* [SUPPLIED RECORDS]:
*-*-*

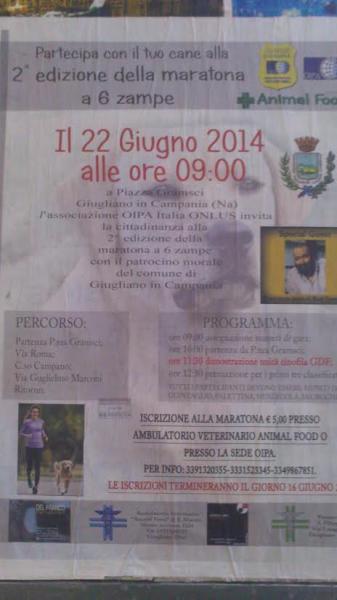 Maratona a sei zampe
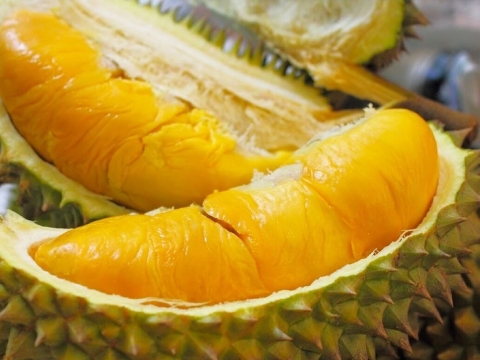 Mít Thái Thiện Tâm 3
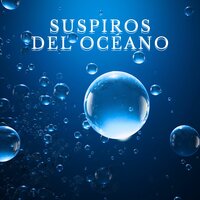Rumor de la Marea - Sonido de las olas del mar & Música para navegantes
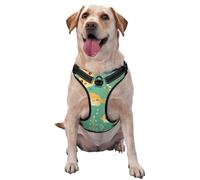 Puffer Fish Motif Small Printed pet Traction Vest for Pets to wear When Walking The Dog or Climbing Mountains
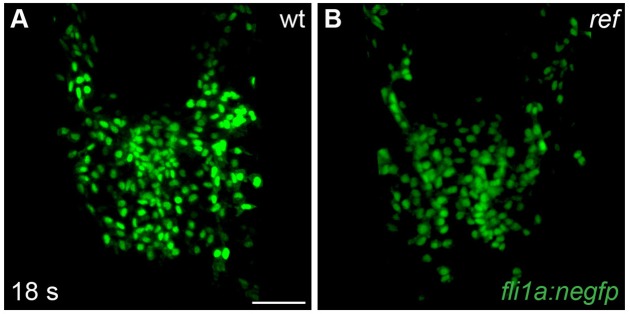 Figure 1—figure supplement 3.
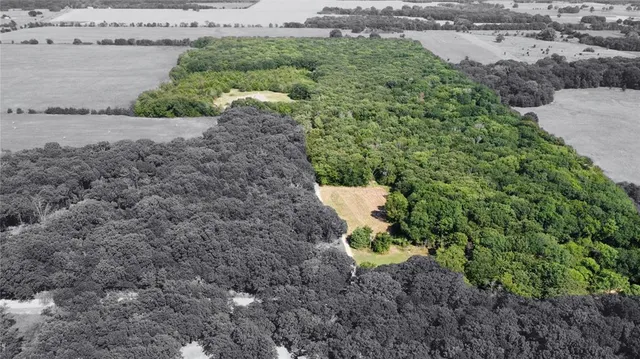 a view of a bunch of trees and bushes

*-*-*

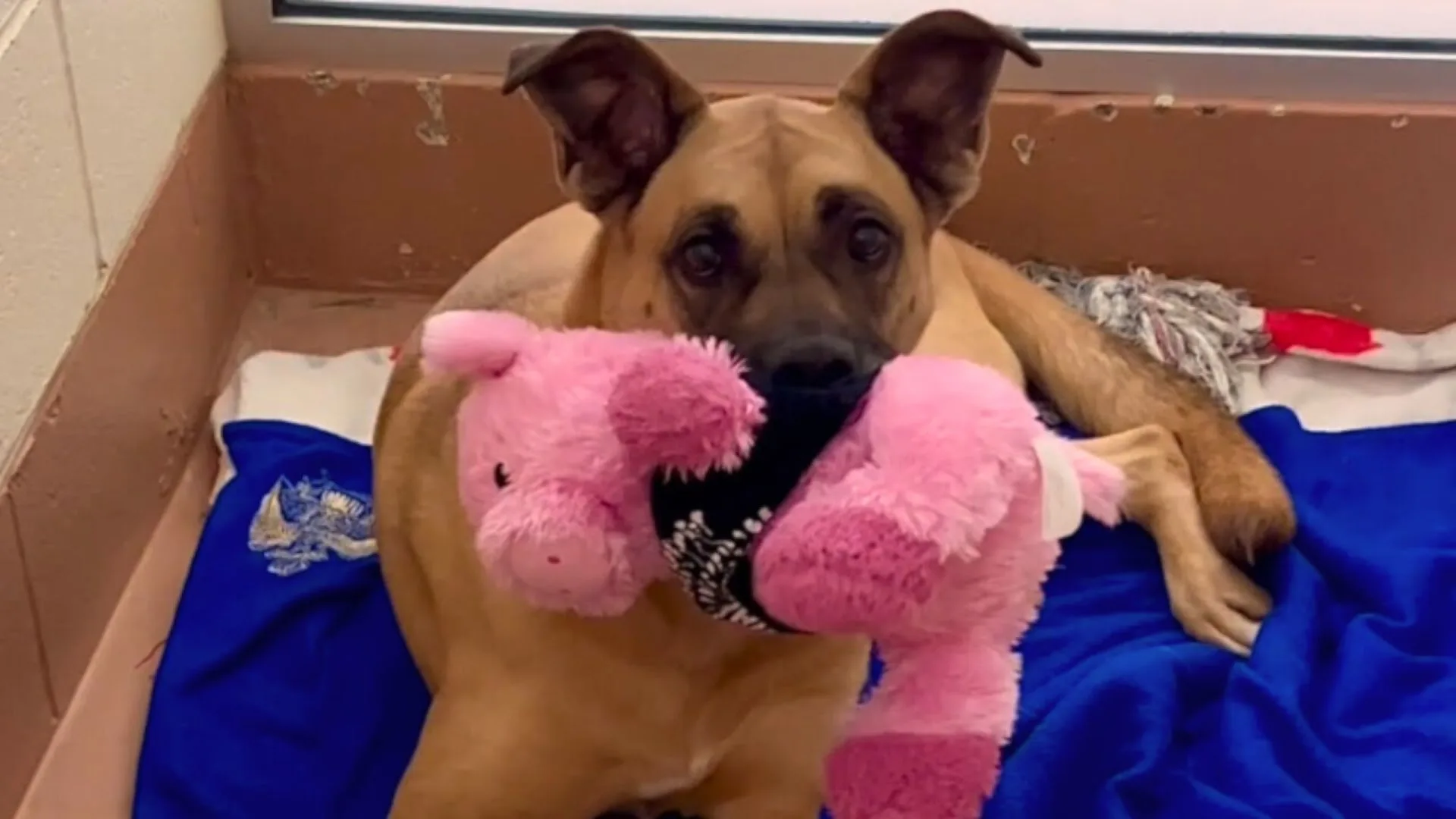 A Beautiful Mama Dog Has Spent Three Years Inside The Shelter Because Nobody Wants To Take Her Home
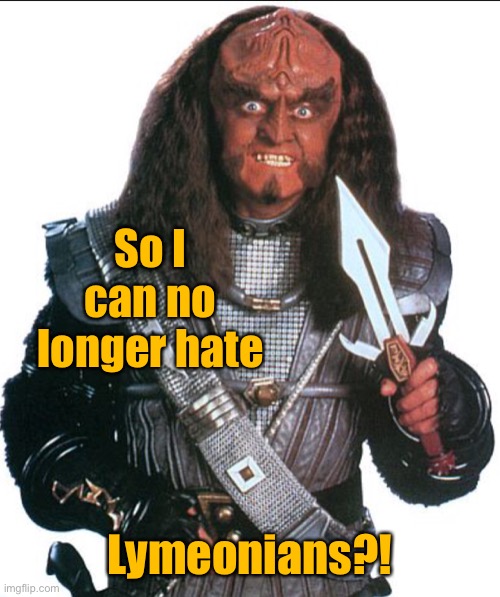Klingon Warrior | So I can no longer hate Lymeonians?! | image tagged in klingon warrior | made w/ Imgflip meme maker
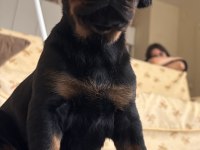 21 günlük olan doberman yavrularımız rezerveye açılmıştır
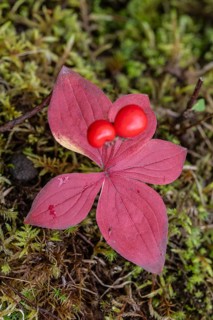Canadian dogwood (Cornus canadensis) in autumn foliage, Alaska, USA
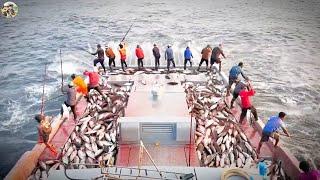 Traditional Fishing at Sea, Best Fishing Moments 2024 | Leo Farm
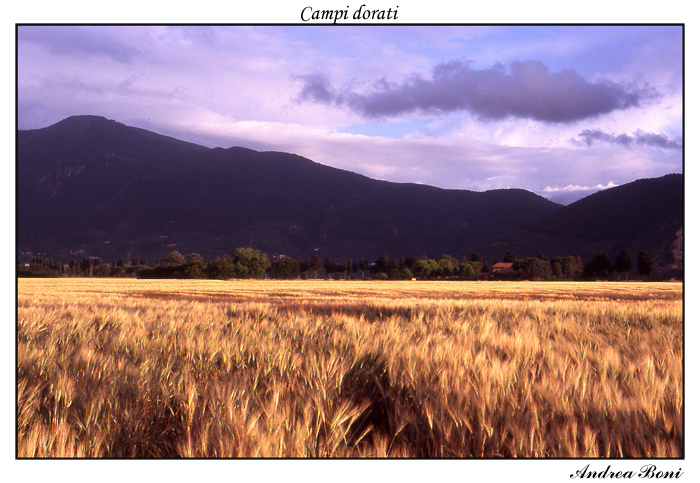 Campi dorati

*-*-*

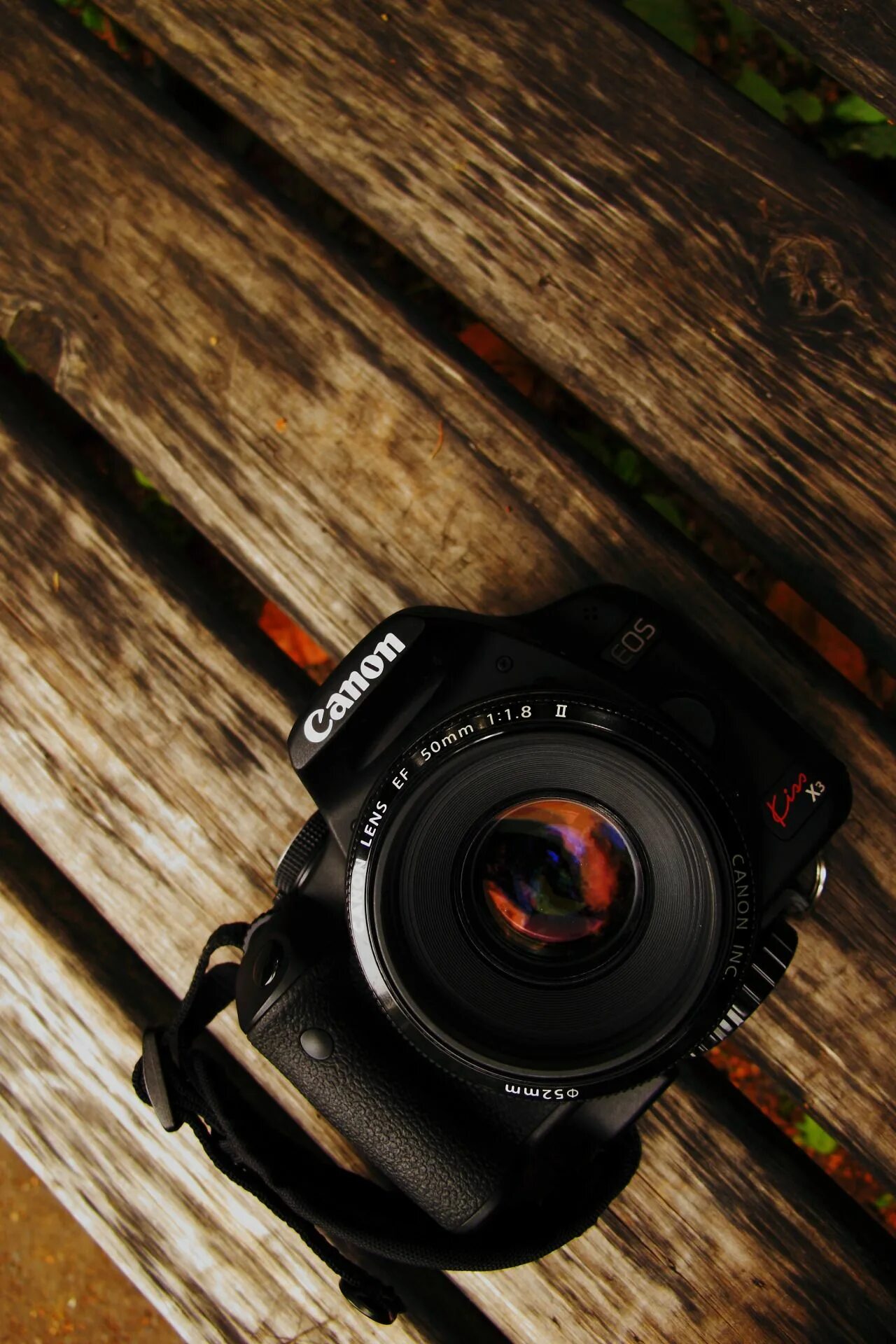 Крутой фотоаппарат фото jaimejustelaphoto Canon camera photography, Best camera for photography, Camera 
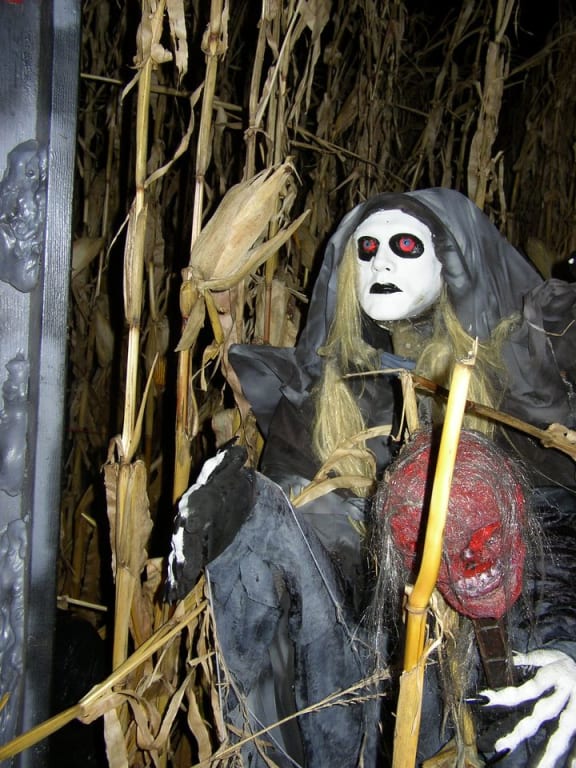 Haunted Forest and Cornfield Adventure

*-*-*

* [TASK DIRECTIONS]: Of all the material above, only the lines from the one that has "Maratona a sei zampe" down to the one that has "a view of a bunch of trees and bushes" are to be written out, exactly and with both ends included. Pictures are skipped.

* [RESPONSE BOX]:
 Maratona a sei zampe
 Mít Thái Thiện Tâm 3
Rumor de la Marea - Sonido de las olas del mar & Música para navegantes
 Puffer Fish Motif Small Printed pet Traction Vest for Pets to wear When Walking The Dog or Climbing Mountains
 Figure 1—figure supplement 3.
 a view of a bunch of trees and bushes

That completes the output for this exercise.